Mortgages for high earners in Spain: thresholds, rates, and what banks actually offer
The high-income segment (rentas altas) is where banks stop selling and start competing for you. If you qualify, the best rates in the market are yours. If you don't, they'll show you those rates from a distance. The threshold to qualify and the actual conditions shift by bank — and none of them make it transparent.
What each bank considers high income
There is no single standard. Each bank sets its own threshold, and moves it when convenient:
- BBVA: from EUR 2,500 net monthly in 12 payments for a single borrower, or EUR 4,000 net in 12 payments for two borrowers (dos titulares). If you have children, they apply a coefficient that raises the required amount. One user reported that once they entered over EUR 4,000 in the online simulator, rates dropped automatically and tie-in requirements (vinculaciones) disappeared.
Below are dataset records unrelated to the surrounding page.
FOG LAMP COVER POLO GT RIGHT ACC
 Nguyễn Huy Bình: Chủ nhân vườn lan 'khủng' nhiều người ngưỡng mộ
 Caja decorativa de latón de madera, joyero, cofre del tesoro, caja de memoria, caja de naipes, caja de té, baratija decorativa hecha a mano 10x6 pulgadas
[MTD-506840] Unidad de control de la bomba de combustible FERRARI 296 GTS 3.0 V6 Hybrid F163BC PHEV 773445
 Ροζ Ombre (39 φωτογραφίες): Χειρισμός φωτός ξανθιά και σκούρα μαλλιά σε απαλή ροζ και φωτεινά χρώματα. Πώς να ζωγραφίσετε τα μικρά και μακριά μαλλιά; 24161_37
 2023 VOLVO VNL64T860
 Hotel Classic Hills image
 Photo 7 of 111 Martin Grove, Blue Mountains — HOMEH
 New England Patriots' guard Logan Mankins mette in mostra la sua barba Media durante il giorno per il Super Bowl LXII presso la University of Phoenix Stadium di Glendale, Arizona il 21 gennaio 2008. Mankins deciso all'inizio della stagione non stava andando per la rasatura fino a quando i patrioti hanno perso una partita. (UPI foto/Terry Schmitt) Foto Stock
- Kutxabank: applies "high income + personal/private banking" conditions when you bring significant savings (investment funds, pension plans). One user qualified for this segment based on assets rather than income alone.
- Santander: has multiple high-income tiers. One user went in person and discovered a higher tier that had not been mentioned on the phone, dropping from 2.85% to 2.65%.
- CaixaBank (La Caixa): high-income borrowers access a 2% fixed rate with just payroll domiciliation (nomina), versus the 2.35% offered online to standard profiles.
The forum consensus: "It is strange. Some banks classified me as high income and others put me in the tier below. It depends on more than just salary: type of transaction, amount, property value, age of the borrowers."
What rates high earners are actually getting
Recent forum data shows a clear range for this segment in 2026:
- BBVA fixed, no tie-ins: between 2.4% and 2.65% for high-income borrowers. One user earning over EUR 8,000 net reported 2.85% for EUR 368,000, while others with similar profiles secured 2.4-2.5%. Variation exists.
- Kutxabank 5-year mixed: from 1.1-1.2% with discounts for personal/private banking profiles, then Euribor+0.35-0.50% afterwards.
- CaixaBank fixed: 2% with discounts, payroll only, for high-income borrowers.
- Ibercaja 10-year mixed: 1.7% with discounts for amounts above EUR 500,000.
- Caja Rural: 2.25% fixed with life insurance, home insurance, and payroll tie-ins for high earners.
The loan amount matters as much as income
Banks prefer large transactions because they generate more margin. Requesting EUR 100,000 is not the same as EUR 400,000. One high-income user requesting a modest amount learned this the hard way: "I am requesting a small amount and the bank is not that motivated to dedicate resources to my application."
A user buying at EUR 670,000, financing 60% (EUR 400,000), two public-sector borrowers in Barcelona, secured fixed-rate offers below 2%. The transaction size carried weight.
Not just salary: what else banks look at
A detailed analysis of forum data shows that high income (rentas altas) is not just about your payslip:
- Rental income: some banks count it fully, others at 50%, others not at all
- Investment returns: capital gains, interest, dividends
- Accumulated wealth (patrimonio): savings, investments, unencumbered property
- Banking history: being an existing client with products already contracted matters
- Low LTV: requesting 50-60% of the appraised value opens the door to premium conditions even with more modest income
Private banking vs. personal banking
Above high income sits private banking (banca privada), generally from EUR 500,000-1,000,000 in managed assets. One Kutxabank user reported qualifying for "personal/private banking" conditions by bringing significant savings and investments to the bank, achieving rates below the standard high-income tier.
The practical difference: in private banking, you can negotiate every condition individually. The manager has more latitude than in retail banking.
Negotiation works differently here
For high earners, negotiation is more direct. Banks have more to lose if you walk. One user described it: "We went straight to each branch and as they gave us offers, we honestly told them whether we had a better one. Some immediately said no, others said they would consult."
The most effective strategy: have offers from at least 2-3 banks on the table and play them against each other. Banks dealing with high-income clients have more room to manoeuvre than they do for standard profiles.
The most consistently repeated advice
Check BBVA's online simulator before doing anything else: enter your net income and see if it classifies you as high income (rentas altas). BBVA is the most transparent bank about its thresholds. Then use that offer as a starting point to negotiate with Kutxabank, CaixaBank, and Santander. If you have significant wealth on top of high income, ask about personal banking (banca personal) or private banking (banca privada) — rates drop another tier.